Une ballade s’ensuit, histoire de calmer le jeu. Rollins a toujours l’art de traiter la mélodie comme Picasso faisait un portrait, en même temps de face, de profil et de trois-quarts. Un solo de basse tranquille de Bob Cranshaw vient nous relaxer. Puis c’est un dialogue entre Rollins et son percussionniste - entre deux percussionnistes, serait-on tenté de dire. Cela se passe à la fois en douceur et avec virilité.

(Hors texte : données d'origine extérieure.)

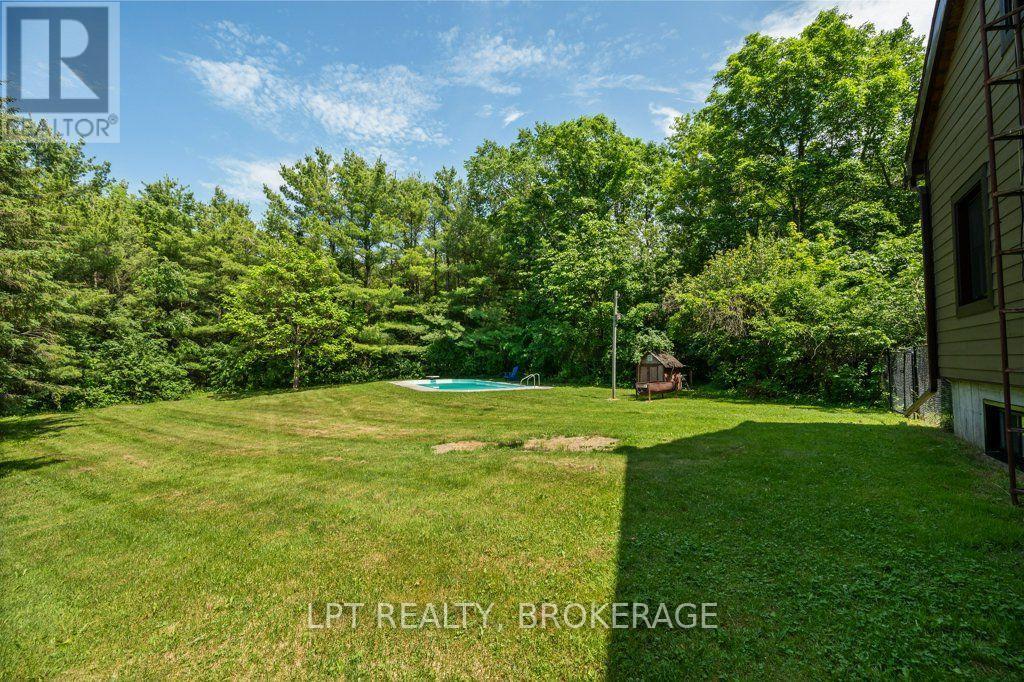 1922 Dover Road Property Photo 44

- Sonny Rollins © M. Laborde/Vues sur Scènes
Rollins annonce « Falling in Love Is Wonderful » un morceau joué par Coltrane - avec Johnny Hartman, nous rappelle t-il. Un long, si long, trop long solo de trombone vient rompre le charme. Un solo de guitare très bluesy vient le raviver avant que Rollins n’enchaîne en survolant le morceau comme un aigle les Rocheuses.

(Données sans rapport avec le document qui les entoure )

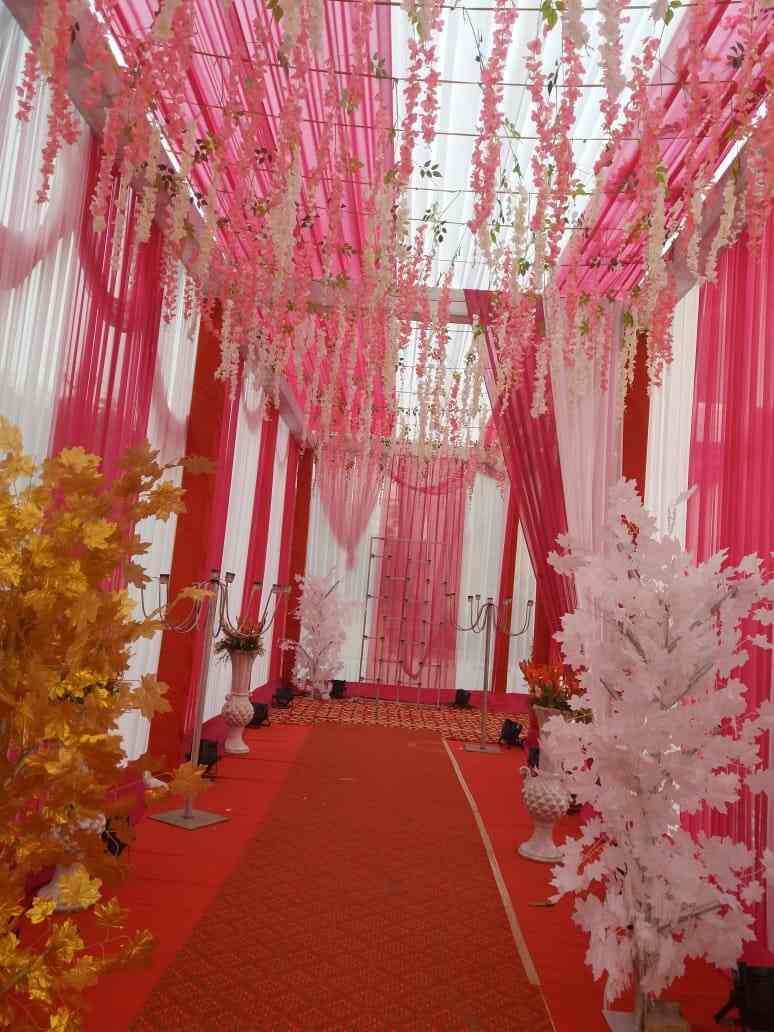 Pink And White Polyester Plain Wedding Shamiyana in Kanpur at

Un entracte permet au public de reprendre ses esprits. Le plus souvent, un musicien en rappelle d’autres. Mais Sonny Rollins est d’une autre classe. Il ne renvoie qu’à lui-même. À son retour sur scène (il a changé de tenue), il entame une calypso ; non pas le célèbre « Saint Thomas » - juste un de ces airs dansants dont il a le secret. Il pourrait d’ailleurs donner tout un concert dans ce style, avec des musiciens antillais, par exemple le trio Biguine Reflections d’Alain Jean-Marie. Mais c’est un musicien de l’entre-deux, entre Amérique du Nord et Caraïbes, entre hard bop et free jazz. Il ne choisit pas son camp car il refuse l’enfermement. Le patron démarre seul. Qui pourrait le suivre, d’ailleurs ? Il se remet à arpenter la scène. Le groupe assure sans faillir, Rollins surfe par-dessus. Puis on retrouve le calme avec une ballade. Dans la salle, les femmes se lovent contre leur homme. Ce standard est malheureusement gâché par de longs et insipides solos de basse et de trombone. Bob Cranshaw joue avec Rollins depuis 1962. Il est temps qu’il saute par-dessus bord. Nouvelle ballade gâchée par un long et inutile solo de trombone. Que fait Clifton Anderson dans ce groupe ? Il y figurait déjà en 1989…
- Sonny Rollins Group © M. Laborde/Vues sur Scènes
Après avoir souhaité longue vie à l’Olympia, Rollins entame « Don’t Stop the Carnival », une calypso traditionnelle qu’il a enregistrée pour la première fois sur « What’s new ? » en 1962. Bob Cranshaw était déjà à la contrebasse… Les prises d’appui, les relances de Rollins sont vraiment monstrueuses. Même Clifton Anderson muscle son jeu. Le niveau monte ! Rollins cite « La vie en rose » - clin d’oeil à Piaf et à l’Olympia. Après un solo orgiaque, il dialogue avec le percussionniste, puis le laisse faire un solo très fin, aux congas, joué du bout des doigts plus qu’avec les paumes. Rollins écoute, telle une Statue du Commandeur mais bienveillante. Le rythme monte progressivement en puissance. Pour le finale orgasmique, le public debout danse et bat la mesure. Standing ovation pour Rollins. Sonny Rollins ou la joie du don et du du jeu.